#### WORK TO BE COMPLETED
Please copy the records exactly as they appear, with all pictures left out.

#### DATA RECORDS
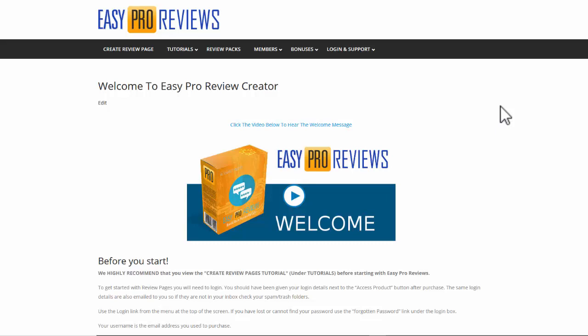Hi and welcome to Easy Pro Reviews. In this video I just want to give you a quick demonstration of how quick and easy it is to create a review page from scratch.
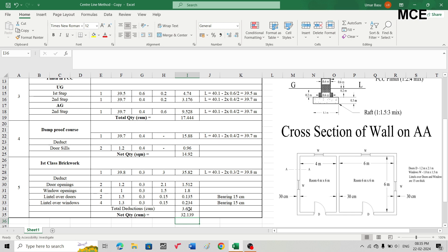This is how you can apply the centerline method to find the various quantities of a building. I hope this solution video was clear and you learned something new. If you find my videos helpful, support the channel by subscribing and liking. Thanks for watching Master Civil Engineering, and I'll see you in the next video.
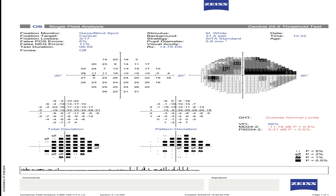In the visual field test, the pattern deviation plot shows the remaining problem areas after adjusting for any generalized loss that might be due to cataract or other media problems, uncorrected refractive error, or small pupils. The pattern deviation plot is arguably the most important part of the field printout because it highlights areas of localized loss that are common in glaucoma. It is also advisable to conduct periodic follow-up tests in order to monitor changes in the visual field loss while undergoing treatment.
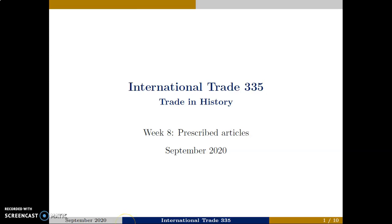This week we will have a look at a history of trade, or trade throughout history. This week has only prescribed articles that are uploaded on eCamba and are not in the textbook.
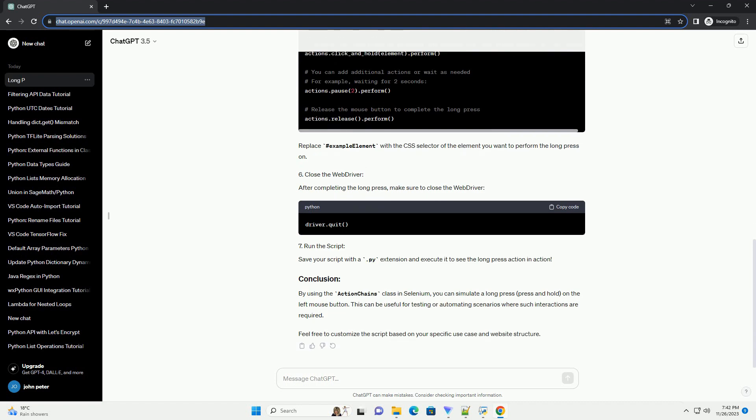After completing the long press, make sure to close the web driver. Save your script with a .py extension and execute it to see the long press action in action.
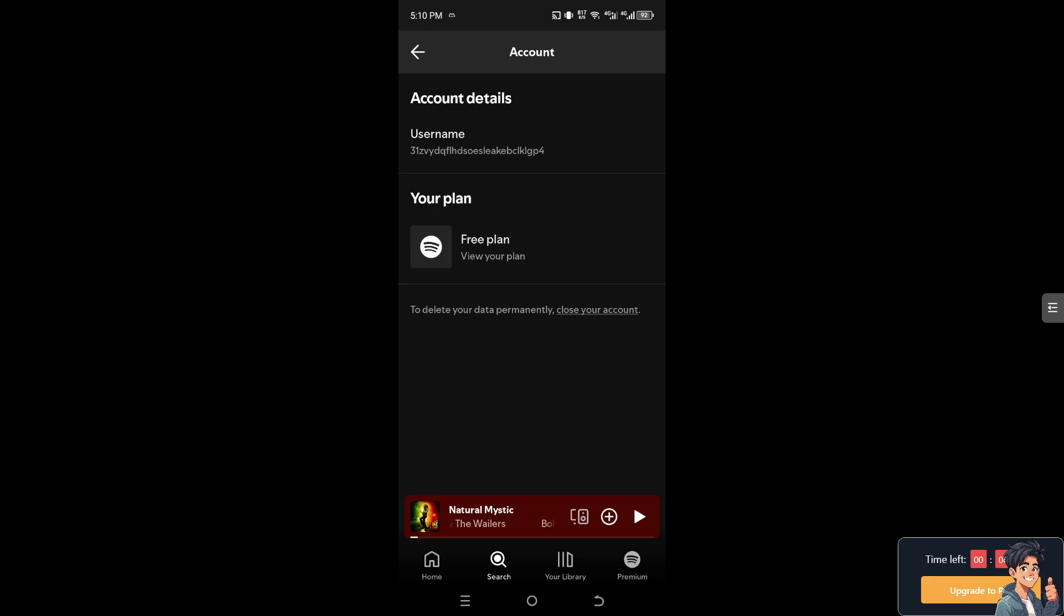I hate to break it to you, but Spotify does not allow users to change their username directly through the app or on the website.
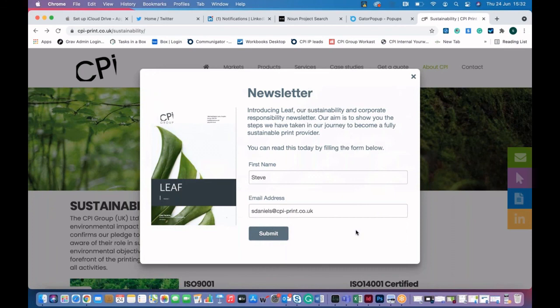I've got four learnings from pop-ups. Number one: pop-ups are very underappreciated and undervalued by a lot of organisations. I think they had a bit of stigma for being annoying, but they do work and they can generate you revenue — so I'm a big fan. Secondly, if you're going to put a pop-up in, it has to have a purpose. It can't just be there for the sake of having a pop-up — it's got to have a genuine purpose for the visitor.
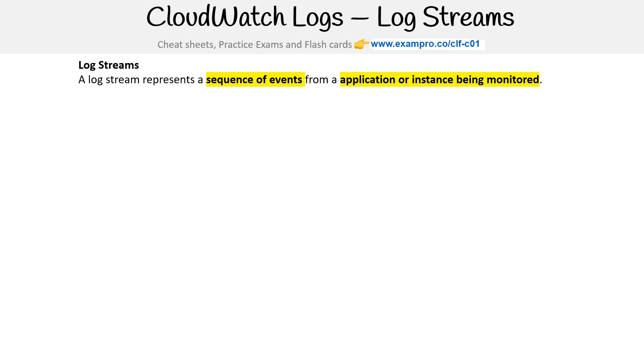Imagine you have an EC2 instance running a web application, and you want those logs to be streamed to CloudWatch logs. That's what we're talking about here.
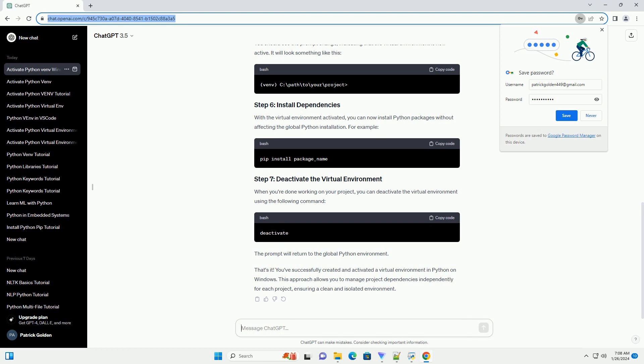With the virtual environment activated, you can now install Python packages without affecting the global Python installation. When you're done working on your project, you can deactivate the virtual environment using the following command. The prompt will return to the global Python environment.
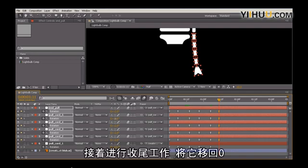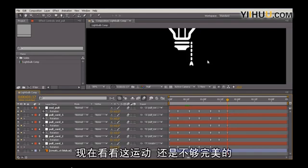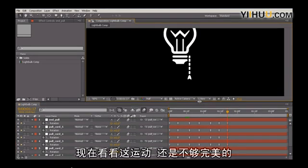So to finish this off, let's just bring this back down to zero. So let's go to negative two and then zero. Okay. So now let's take a look at our motion. And it's not going to be perfect just yet, but it'll be closer.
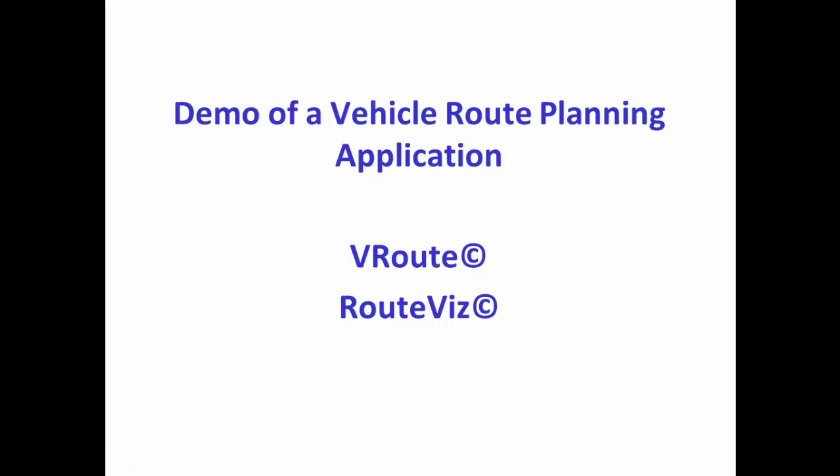In this video, you will see a demonstration of a vehicle routing software running in Microsoft Excel environment. This application was used by a third-party logistics service provider to plan their daily distribution operations.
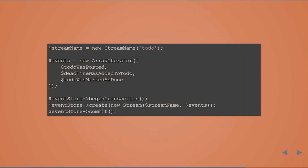A short example: we have a stream name and a couple of events — in this case, TodoWasPosted, DeadlineWasAddedToTodo, and TodoWasMarkedAsDone. We begin the event store transaction, create a new stream with the given stream name and events, and commit the transaction. Everything is done in one transaction — you can have multiple events — and this is persisted as a single transaction.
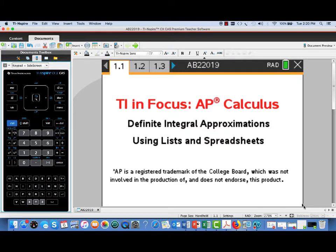Hi, this is Tom Dick. I'm a math advisor for Texas Instruments. This video is part of the TI in Focus AP Calculus series.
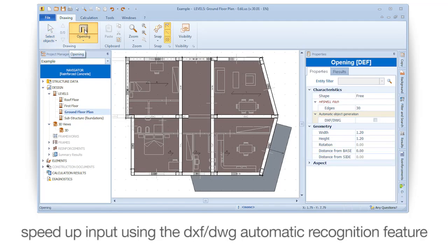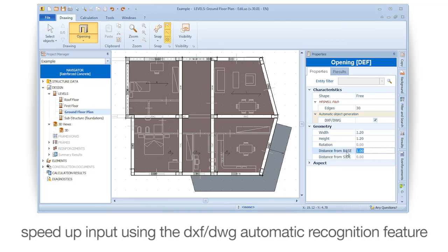Speed up input using the DXF/DWG automatic recognition feature to streamline your workflow.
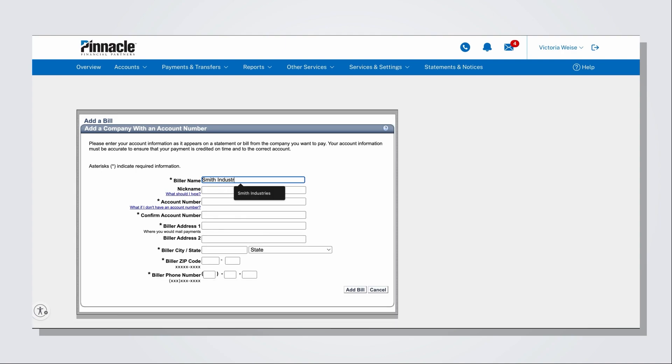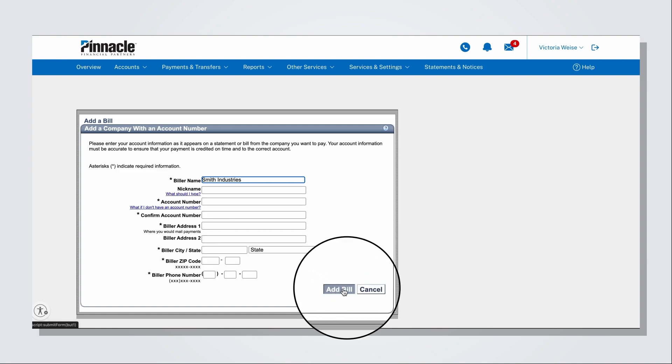After you've either selected the biller from the search or entered the biller's information in the form, click the Add Bill button and this will complete the process to add a company to your bill pay.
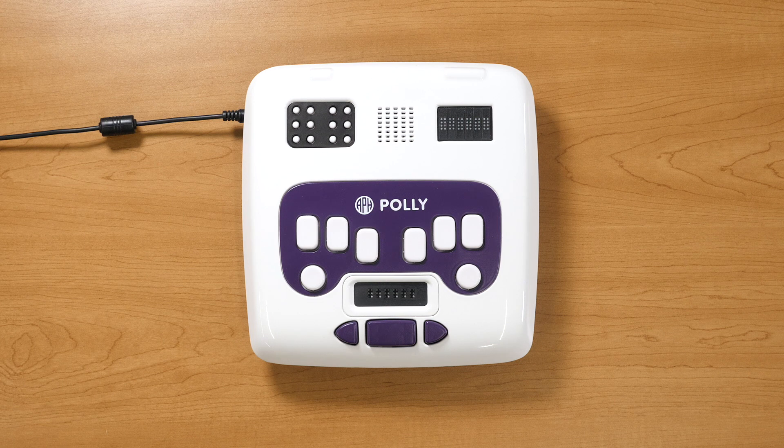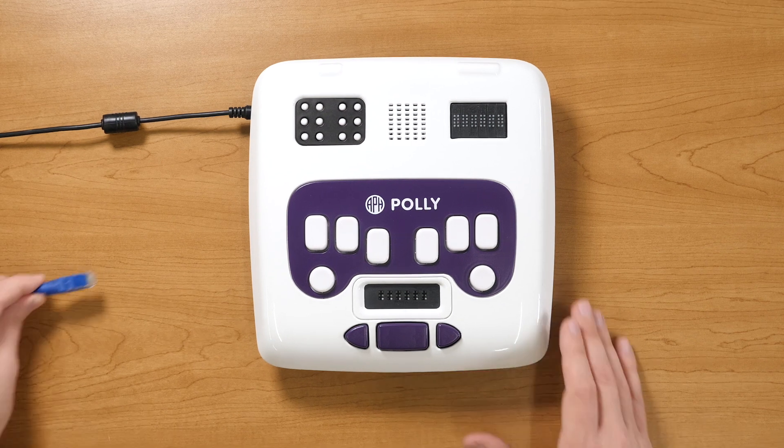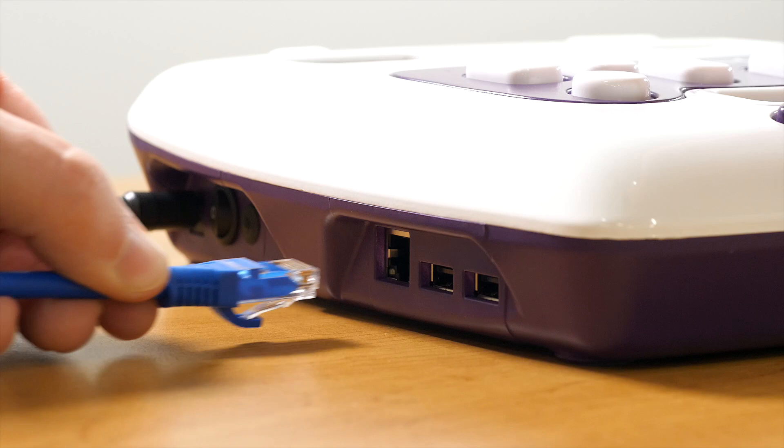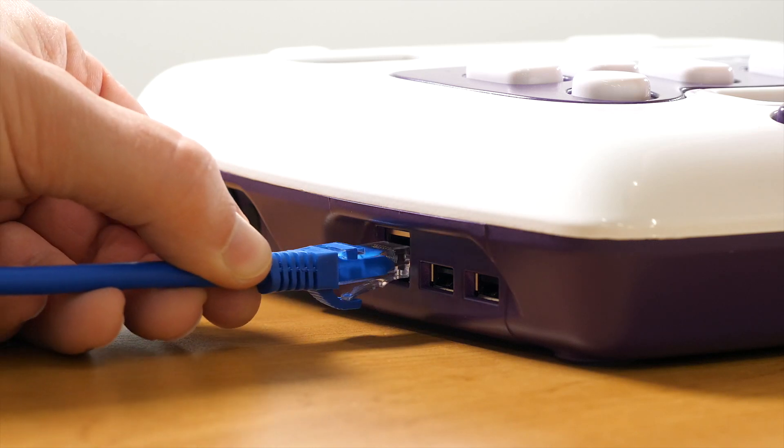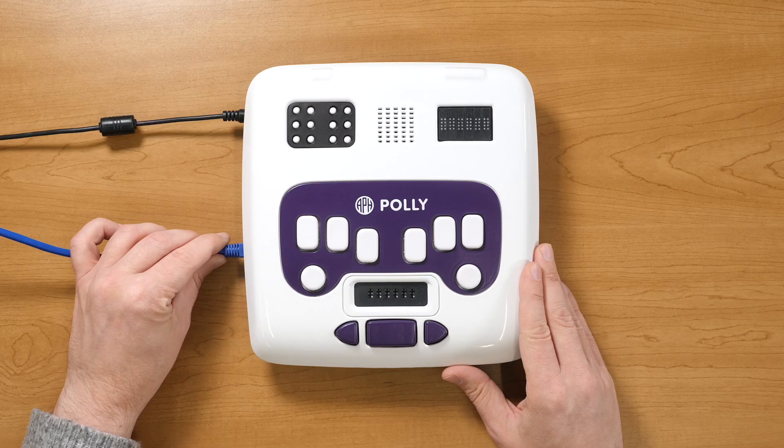The easiest method is via the Ethernet port on the left side of the device. Just plug in an Ethernet cable and your Poly is good to go.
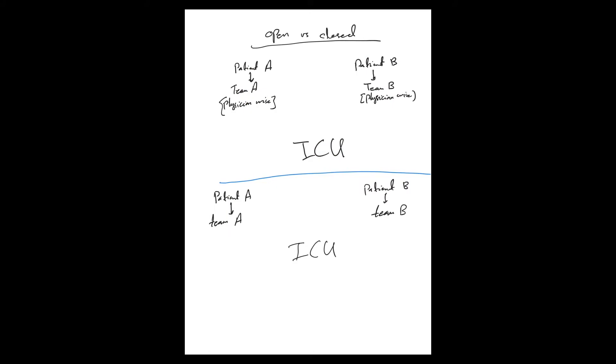Okay, open versus closed ICU. Let's have this example to make it clear and simple. We have Patient A and Patient B. Patient A is taking care of by Team A, and Team here means physician-wise, and Team B takes care of Patient B.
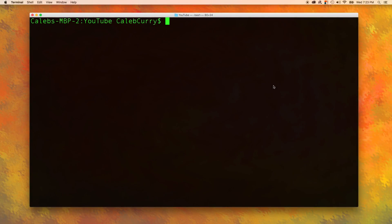Hey everyone, welcome back. This is going to be the last Linux tutorial inside of this C programming series. So if you're sick of Linux, don't worry, it's almost over.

#### RESPONSE TO THE TASK
Hi and welcome to Easy Pro Reviews. In this video I just want to give you a quick demonstration of how quick and easy it is to create a review page from scratch.
This is how you can apply the centerline method to find the various quantities of a building. I hope this solution video was clear and you learned something new. If you find my videos helpful, support the channel by subscribing and liking. Thanks for watching Master Civil Engineering, and I'll see you in the next video.
In the visual field test, the pattern deviation plot shows the remaining problem areas after adjusting for any generalized loss that might be due to cataract or other media problems, uncorrected refractive error, or small pupils. The pattern deviation plot is arguably the most important part of the field printout because it highlights areas of localized loss that are common in glaucoma. It is also advisable to conduct periodic follow-up tests in order to monitor changes in the visual field loss while undergoing treatment.
This week we will have a look at a history of trade, or trade throughout history. This week has only prescribed articles that are uploaded on eCamba and are not in the textbook.
After completing the long press, make sure to close the web driver. Save your script with a .py extension and execute it to see the long press action in action.
I hate to break it to you, but Spotify does not allow users to change their username directly through the app or on the website.
I've got four learnings from pop-ups. Number one: pop-ups are very underappreciated and undervalued by a lot of organisations. I think they had a bit of stigma for being annoying, but they do work and they can generate you revenue — so I'm a big fan. Secondly, if you're going to put a pop-up in, it has to have a purpose. It can't just be there for the sake of having a pop-up — it's got to have a genuine purpose for the visitor.
Imagine you have an EC2 instance running a web application, and you want those logs to be streamed to CloudWatch logs. That's what we're talking about here.
With the virtual environment activated, you can now install Python packages without affecting the global Python installation. When you're done working on your project, you can deactivate the virtual environment using the following command. The prompt will return to the global Python environment.
So to finish this off, let's just bring this back down to zero. So let's go to negative two and then zero. Okay. So now let's take a look at our motion. And it's not going to be perfect just yet, but it'll be closer.
In this video, you will see a demonstration of a vehicle routing software running in Microsoft Excel environment. This application was used by a third-party logistics service provider to plan their daily distribution operations.
A short example: we have a stream name and a couple of events — in this case, TodoWasPosted, DeadlineWasAddedToTodo, and TodoWasMarkedAsDone. We begin the event store transaction, create a new stream with the given stream name and events, and commit the transaction. Everything is done in one transaction — you can have multiple events — and this is persisted as a single transaction.
Hi, this is Tom Dick. I'm a math advisor for Texas Instruments. This video is part of the TI in Focus AP Calculus series.
Speed up input using the DXF/DWG automatic recognition feature to streamline your workflow.
After you've either selected the biller from the search or entered the biller's information in the form, click the Add Bill button and this will complete the process to add a company to your bill pay.
The easiest method is via the Ethernet port on the left side of the device. Just plug in an Ethernet cable and your Poly is good to go.
Okay, open versus closed ICU. Let's have this example to make it clear and simple. We have Patient A and Patient B. Patient A is taking care of by Team A, and Team here means physician-wise, and Team B takes care of Patient B.
Hey everyone, welcome back. This is going to be the last Linux tutorial inside of this C programming series. So if you're sick of Linux, don't worry, it's almost over.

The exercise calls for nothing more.